Dit artikel komt uit de Volkskrant. Op NU.nl verschijnt dagelijks een selectie van de beste artikelen uit kranten en tijdschriften. Daar lees je hier Meer over.
“Staat de Belastingdienst al bij u aankloppen?” Faillissementsrechter Mark Aukema staart vanachter zijn ronde bril naar de ondernemer met twee ton aan belastingschuld die rechts voor hem op de bank zit. Die zucht. “Nog niet, maar ik wil het voorkomen”, zegt hij. “Mijn rug staat tegen de muur.” Aukema knikt begrijpend, werpt een blik op de klok achterin de Rotterdamse rechtszaal en concludeert: “Dus ik spreek om 9.12 uur het faillissement uit.”

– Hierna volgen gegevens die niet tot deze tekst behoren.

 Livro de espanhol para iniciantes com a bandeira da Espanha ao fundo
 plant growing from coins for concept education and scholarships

Het is een zin die Aukema en zijn collega-rechters de afgelopen maanden steeds vaker moesten uitspreken. 332 keer in oktober – om precies te zijn. Totaal aantal faillissementen geregistreerd door het Centraal Bureau voor de Statistiek afgelopen maand. Dit betekent dat in de eerste tien maanden van dit jaar 60 procent meer bedrijven failliet gingen dan in dezelfde periode vorig jaar. Ook bekende namen als Vacansoleil, BCC en Big Bazaar staan er in.
Deze stijging is niet verrassend. Tijdens de pandemie bereikte het aantal faillissementen een historisch dieptepunt. Met de coronasteun en belastingstop werden honderdduizenden bedrijven twee jaar lang overeind gehouden – ook bedrijven die eigenlijk niet levensvatbaar waren. Nu begint de afrekening: de Belastingdienst moet nog 13,2 miljard aan uitgestelde belastingen terugkrijgen, het UWV wacht nog op 2 miljard aan extra loonsubsidies en de Rijksdienst voor Ondernemend Nederland (RVO) moet 117 miljoen euro innen.

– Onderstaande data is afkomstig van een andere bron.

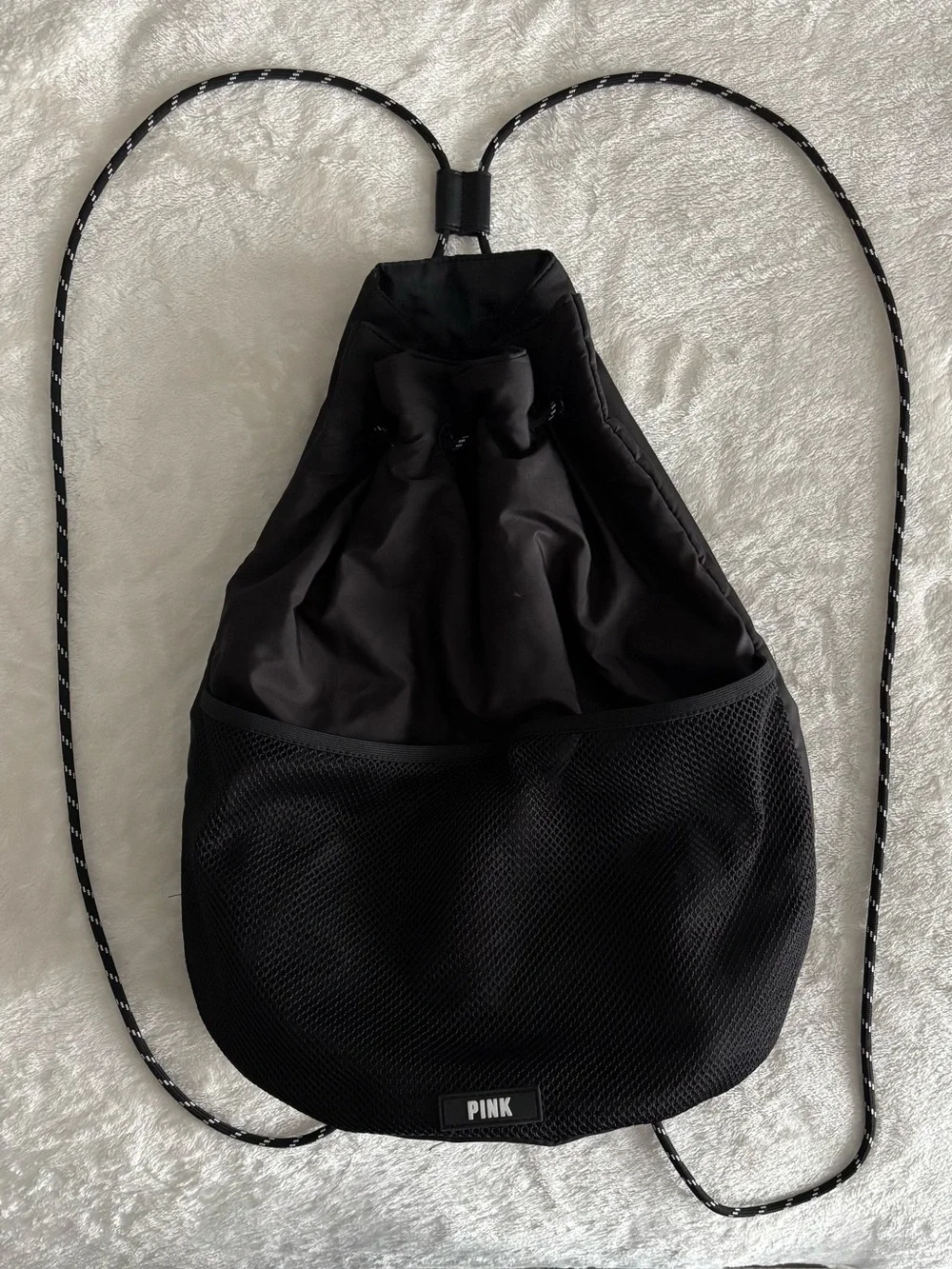 PINK Victoria's Secret Black Drawstring Mesh Backpack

Ondernemers die hun leningen niet meer kunnen terugbetalen, kunnen terecht bij Aukema. Soms op eigen initiatief, soms omdat crediteuren faillissement aanvragen. Hoewel de stapel dossiers op Aukema’s bureau groeit, komt er geen golf van faillissementen. Dat is nog steeds rustiger dan vóór de pandemie en vooral op het dieptepunt van de kredietcrisis, toen maandelijks ongeveer 900 bedrijven failliet gingen. Aukema verleent dan ook regelmatig bijstand op drukke juridische terreinen. Eerder deze week besprak hij bijvoorbeeld buurtgeschillen en handelsgeschillen.

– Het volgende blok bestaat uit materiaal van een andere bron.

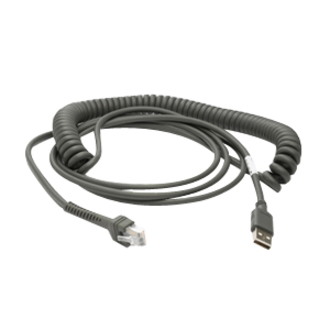 Zebra Cable - USB: Series A Connector, 15ft. (4.6m) Coiled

Maar vandaag hebben we het over een faillissement. Zoals de slanke ondernemer uit het Oosten, gekleed in overhemd en bodywarmers, die arriveert om faillissement aan te vragen voor zijn internationale vakantieverhuurbedrijf. “Tijdens Covid zijn we achterop geraakt en kunnen we deze achterstand niet meer inhalen”, legt hij uit. “Ook omdat vorig jaar de arbeidskosten voor onze schoonmakers enorm zijn gestegen: in Oostenrijk zelfs met 30 procent.”
Aukema hoorde deze stijging van de loonkosten steeds vaker in zijn rechtszaal. Vorige week nog moest hij het faillissement uitspreken van een zorgorganisatie die in zwaar weer verkeerde nadat de cao de lonen met 15 procent had verhoogd. Wat de rechter ook opmerkte: Naarmate de rente steeg, werd geld ‘duurder’. “Ik zie veel bedrijven, vooral start-ups, die geen krediet meer kunnen krijgen en failliet gaan. Twee jaar geleden was dat anders.”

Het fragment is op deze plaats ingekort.